Chesney is the biggest ticket seller for any musical genre at MetLife Stadium, where Bruce Springsteen, Bon Jovi and Taylor Swift have been regulars. The Trip Around The Sun show at MetLife Stadium in August was delayed by a severe thunderstorm before one of the accompanying bands, Old Dominion, took the stage. That also pushed back the set by Thomas Rhett and Chesney, who played and sang beyond midnight.
Yet, just as they would for a big game involving the Giants or Jets, the fans remained, their enthusiasm only whetted, not wetted down.
“There are two things,” says Chesney, whose most recent chart-topping album, “Songs For The Saints,” is a tribute to the Virgin Islands that were devastated by Hurricanes Irma and Maria last year. Chesney had a home on St. John. “One, I think sports and music are the two things people are truly passionate about, so there’s always going to be similarities in the response. I know plenty of football fans are out there; heck, there’s a lot of players, the coaching staff, people affiliated with the teams at the shows.

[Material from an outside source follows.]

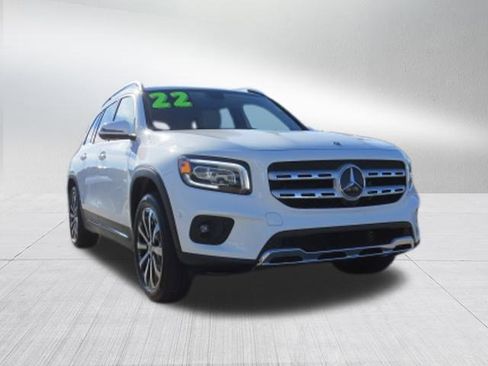 Used 2022 Mercedes-Benz GLB 250 4MATIC image 9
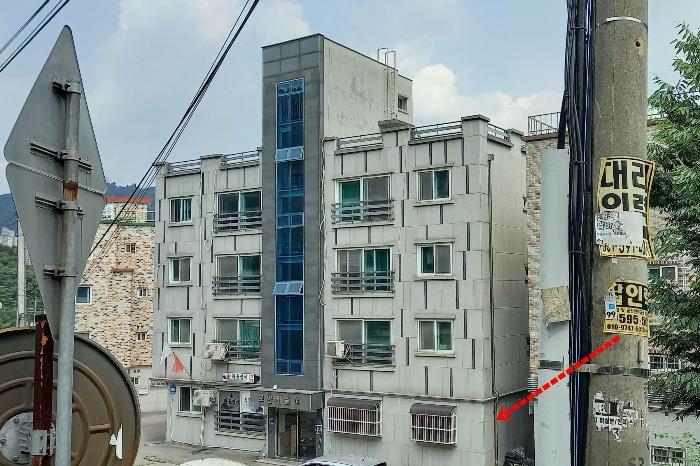 경기도 남양주시 화도읍 묵현로76번길 2, 1층101호 (로얄캐슬 비) · 지번주소: 경기도 남양주시 화도읍 묵현리 217-4 법원경매 물건 대표사진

“But just as importantly, there’s that sense of pride in what No Shoes Nation stands for. For the fans who are just music people, they have the same connection to how the songs we sing hold their lives as sports fans have about their team kind of representing the best of who they are. You know, there’s no thrill greater than high school football, and seeing your team rush out on the field, and I think that carries over to the NFL for adults, and just people who remember when.”
Those folks tend to remember when they witnessed a particularly memorable game. They definitely recall attending — and being such a large part of — a Chesney concert.
“I don’t think anything surpasses the excitement of seeing your favorite team play,” he says, “but I do think people who come to these stadiums really bring their most passionate selves. When they come to these places — Levi Stadium, Arrowhead Stadium, Raymond James Stadium — they come to throw everything they have at their team.
“And I think they bring that mindset when they walk in the door for our shows, too.”
Chesney has not committed to another stadium tour. In 2019, he is planning a more intimate series of concerts. But perhaps the unforgettable vibes from the previous concerts will lead to another Trip Around the Sun.
Regardless, Chesney and No Shoes Nation have proven the bond between music and sports is unbreakable.
“I love football, and the discipline that goes into playing it,” he says. “I’ve been lucky to be friends with Sean Payton, the Manning family, Drew Brees, a lot of those guys, not to mention so many people a casual fan might not know. I’ve been to practice; I’ve been to games. I still get a little amazed that I know every inch of a lot of these buildings I see on TV every week, because I stopped growing in the ninth grade, and that was the end of any dream of playing sports for a living.
“When I think about that, or when I’m onstage, and looking all the way to the top, it’s a pretty unbelievable feeling. All those games, all that energy, and we get to be part of these places in a way that’s just as passionate and intense in a whole other way. It reminds me how powerful music can be.”